→ **What you should do**
Lines to restate from the data below: from the one containing "Egleston Square Apartamento" to the one containing "Twill İpek Eşarp", both included. Give them again exactly, and only them.

→ **Stored data**
■ ■ ■ ■

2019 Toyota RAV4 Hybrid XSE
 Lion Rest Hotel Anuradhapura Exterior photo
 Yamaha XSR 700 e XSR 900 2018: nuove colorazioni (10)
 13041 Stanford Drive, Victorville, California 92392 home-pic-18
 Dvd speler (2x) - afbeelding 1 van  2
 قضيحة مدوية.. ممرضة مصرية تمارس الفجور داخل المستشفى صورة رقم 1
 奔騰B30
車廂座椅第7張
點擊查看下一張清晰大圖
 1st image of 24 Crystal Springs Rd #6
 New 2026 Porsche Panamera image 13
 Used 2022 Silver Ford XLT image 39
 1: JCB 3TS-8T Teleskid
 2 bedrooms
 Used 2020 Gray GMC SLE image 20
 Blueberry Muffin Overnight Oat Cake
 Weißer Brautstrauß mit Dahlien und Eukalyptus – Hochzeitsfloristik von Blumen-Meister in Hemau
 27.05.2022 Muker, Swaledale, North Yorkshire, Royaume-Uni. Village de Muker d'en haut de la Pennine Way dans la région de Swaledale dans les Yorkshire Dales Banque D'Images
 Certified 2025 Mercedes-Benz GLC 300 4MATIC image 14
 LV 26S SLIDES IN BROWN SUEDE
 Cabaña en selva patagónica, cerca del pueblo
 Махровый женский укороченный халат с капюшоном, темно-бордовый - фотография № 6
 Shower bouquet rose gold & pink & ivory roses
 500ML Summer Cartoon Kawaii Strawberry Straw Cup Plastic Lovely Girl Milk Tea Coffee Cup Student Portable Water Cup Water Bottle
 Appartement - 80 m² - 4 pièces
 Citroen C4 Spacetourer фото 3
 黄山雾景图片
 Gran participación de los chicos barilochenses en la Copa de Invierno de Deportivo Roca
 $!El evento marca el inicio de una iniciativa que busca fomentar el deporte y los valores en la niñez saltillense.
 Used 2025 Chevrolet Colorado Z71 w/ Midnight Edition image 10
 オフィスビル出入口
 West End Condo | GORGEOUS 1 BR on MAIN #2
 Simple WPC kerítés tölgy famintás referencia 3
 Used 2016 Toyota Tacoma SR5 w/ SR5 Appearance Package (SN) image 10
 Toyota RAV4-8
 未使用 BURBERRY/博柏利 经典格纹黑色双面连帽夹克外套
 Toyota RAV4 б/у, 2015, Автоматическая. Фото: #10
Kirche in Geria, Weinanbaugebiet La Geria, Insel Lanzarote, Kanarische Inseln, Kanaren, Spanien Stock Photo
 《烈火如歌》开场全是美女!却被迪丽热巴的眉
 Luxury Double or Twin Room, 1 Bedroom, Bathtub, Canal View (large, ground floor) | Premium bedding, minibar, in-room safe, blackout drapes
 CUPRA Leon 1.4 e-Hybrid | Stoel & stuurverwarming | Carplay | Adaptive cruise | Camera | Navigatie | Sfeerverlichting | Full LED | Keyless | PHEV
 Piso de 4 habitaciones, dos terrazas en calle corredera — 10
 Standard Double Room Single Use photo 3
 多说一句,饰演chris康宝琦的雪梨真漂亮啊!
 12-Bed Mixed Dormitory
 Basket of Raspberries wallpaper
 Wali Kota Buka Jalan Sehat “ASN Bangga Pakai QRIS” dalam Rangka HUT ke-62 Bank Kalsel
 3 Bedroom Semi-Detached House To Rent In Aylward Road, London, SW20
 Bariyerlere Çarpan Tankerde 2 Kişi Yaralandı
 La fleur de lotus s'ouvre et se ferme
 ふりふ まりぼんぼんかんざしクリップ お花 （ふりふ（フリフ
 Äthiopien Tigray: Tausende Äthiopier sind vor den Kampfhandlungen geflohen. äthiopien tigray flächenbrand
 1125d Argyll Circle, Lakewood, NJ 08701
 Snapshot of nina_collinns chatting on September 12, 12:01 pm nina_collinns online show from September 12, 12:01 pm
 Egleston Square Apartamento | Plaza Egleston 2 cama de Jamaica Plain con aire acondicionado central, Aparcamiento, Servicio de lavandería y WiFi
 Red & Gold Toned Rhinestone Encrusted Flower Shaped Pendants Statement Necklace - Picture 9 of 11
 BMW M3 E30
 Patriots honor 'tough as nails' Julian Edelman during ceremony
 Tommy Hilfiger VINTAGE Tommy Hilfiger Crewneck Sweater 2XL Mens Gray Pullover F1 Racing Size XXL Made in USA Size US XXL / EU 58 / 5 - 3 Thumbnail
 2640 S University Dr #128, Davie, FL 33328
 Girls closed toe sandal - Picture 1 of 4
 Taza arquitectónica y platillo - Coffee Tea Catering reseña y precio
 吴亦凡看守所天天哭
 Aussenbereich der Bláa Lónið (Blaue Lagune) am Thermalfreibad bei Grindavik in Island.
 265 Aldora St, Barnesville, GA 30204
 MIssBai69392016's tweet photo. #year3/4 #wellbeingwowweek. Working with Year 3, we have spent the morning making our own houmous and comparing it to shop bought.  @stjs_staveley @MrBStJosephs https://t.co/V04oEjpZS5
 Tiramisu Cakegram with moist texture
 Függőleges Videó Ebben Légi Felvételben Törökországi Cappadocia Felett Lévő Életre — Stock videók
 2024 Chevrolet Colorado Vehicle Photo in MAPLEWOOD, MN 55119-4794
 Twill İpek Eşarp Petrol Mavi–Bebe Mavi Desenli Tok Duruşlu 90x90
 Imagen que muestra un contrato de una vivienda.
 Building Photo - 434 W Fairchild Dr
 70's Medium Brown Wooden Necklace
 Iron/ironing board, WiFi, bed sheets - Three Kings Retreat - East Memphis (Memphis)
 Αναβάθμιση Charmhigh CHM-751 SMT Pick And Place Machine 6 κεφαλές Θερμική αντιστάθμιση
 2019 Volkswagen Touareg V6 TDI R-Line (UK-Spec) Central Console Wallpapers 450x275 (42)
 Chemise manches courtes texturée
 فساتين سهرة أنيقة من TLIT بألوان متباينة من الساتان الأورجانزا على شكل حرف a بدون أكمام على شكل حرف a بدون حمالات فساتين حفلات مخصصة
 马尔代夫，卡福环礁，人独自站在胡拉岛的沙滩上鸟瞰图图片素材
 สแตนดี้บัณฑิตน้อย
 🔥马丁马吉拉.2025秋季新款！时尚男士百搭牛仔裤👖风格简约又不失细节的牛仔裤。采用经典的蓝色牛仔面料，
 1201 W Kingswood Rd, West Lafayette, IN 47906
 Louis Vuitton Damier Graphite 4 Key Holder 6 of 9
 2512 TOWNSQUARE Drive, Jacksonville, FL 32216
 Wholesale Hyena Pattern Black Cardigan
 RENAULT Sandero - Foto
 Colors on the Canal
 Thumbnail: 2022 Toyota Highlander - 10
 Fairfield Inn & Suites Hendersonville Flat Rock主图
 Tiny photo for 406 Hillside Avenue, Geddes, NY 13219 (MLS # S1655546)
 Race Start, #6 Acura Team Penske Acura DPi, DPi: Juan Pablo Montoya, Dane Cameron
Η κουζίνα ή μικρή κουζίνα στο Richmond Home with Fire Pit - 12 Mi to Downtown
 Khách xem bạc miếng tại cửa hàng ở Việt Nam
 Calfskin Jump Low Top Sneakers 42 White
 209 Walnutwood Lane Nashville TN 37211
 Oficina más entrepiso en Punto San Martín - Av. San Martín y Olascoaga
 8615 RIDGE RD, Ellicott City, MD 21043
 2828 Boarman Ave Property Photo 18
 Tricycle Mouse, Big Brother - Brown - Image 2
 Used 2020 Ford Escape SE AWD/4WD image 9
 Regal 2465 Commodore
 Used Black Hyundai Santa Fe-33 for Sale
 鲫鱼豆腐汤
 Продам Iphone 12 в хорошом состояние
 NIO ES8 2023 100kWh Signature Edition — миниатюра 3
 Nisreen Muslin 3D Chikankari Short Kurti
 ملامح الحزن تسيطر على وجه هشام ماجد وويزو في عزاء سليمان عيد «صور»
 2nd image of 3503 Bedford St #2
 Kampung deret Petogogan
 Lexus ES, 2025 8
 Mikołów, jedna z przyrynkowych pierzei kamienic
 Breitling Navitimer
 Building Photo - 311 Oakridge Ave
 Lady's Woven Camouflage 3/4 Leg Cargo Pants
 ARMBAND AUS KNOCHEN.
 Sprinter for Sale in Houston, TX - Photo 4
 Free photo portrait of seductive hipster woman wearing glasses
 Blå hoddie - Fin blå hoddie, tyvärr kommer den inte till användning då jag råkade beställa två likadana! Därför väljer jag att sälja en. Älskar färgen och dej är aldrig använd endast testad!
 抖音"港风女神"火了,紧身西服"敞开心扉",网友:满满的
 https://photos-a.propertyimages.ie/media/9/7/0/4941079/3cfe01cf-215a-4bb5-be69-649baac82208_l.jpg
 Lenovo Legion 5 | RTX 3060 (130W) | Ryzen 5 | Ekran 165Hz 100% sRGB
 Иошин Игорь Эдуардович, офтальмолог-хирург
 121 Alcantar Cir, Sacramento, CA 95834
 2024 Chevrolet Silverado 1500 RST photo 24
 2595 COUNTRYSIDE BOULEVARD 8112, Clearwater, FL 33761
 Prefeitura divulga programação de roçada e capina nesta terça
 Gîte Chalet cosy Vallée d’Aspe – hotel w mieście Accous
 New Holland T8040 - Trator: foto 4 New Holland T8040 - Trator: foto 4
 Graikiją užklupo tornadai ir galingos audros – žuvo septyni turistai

■ ■ ■ ■

→ **Exercise solution**
 Egleston Square Apartamento | Plaza Egleston 2 cama de Jamaica Plain con aire acondicionado central, Aparcamiento, Servicio de lavandería y WiFi
 Red & Gold Toned Rhinestone Encrusted Flower Shaped Pendants Statement Necklace - Picture 9 of 11
 BMW M3 E30
 Patriots honor 'tough as nails' Julian Edelman during ceremony
 Tommy Hilfiger VINTAGE Tommy Hilfiger Crewneck Sweater 2XL Mens Gray Pullover F1 Racing Size XXL Made in USA Size US XXL / EU 58 / 5 - 3 Thumbnail
 2640 S University Dr #128, Davie, FL 33328
 Girls closed toe sandal - Picture 1 of 4
 Taza arquitectónica y platillo - Coffee Tea Catering reseña y precio
 吴亦凡看守所天天哭
 Aussenbereich der Bláa Lónið (Blaue Lagune) am Thermalfreibad bei Grindavik in Island.
 265 Aldora St, Barnesville, GA 30204
 MIssBai69392016's tweet photo. #year3/4 #wellbeingwowweek. Working with Year 3, we have spent the morning making our own houmous and comparing it to shop bought.  @stjs_staveley @MrBStJosephs https://t.co/V04oEjpZS5
 Tiramisu Cakegram with moist texture
 Függőleges Videó Ebben Légi Felvételben Törökországi Cappadocia Felett Lévő Életre — Stock videók
 2024 Chevrolet Colorado Vehicle Photo in MAPLEWOOD, MN 55119-4794
 Twill İpek Eşarp Petrol Mavi–Bebe Mavi Desenli Tok Duruşlu 90x90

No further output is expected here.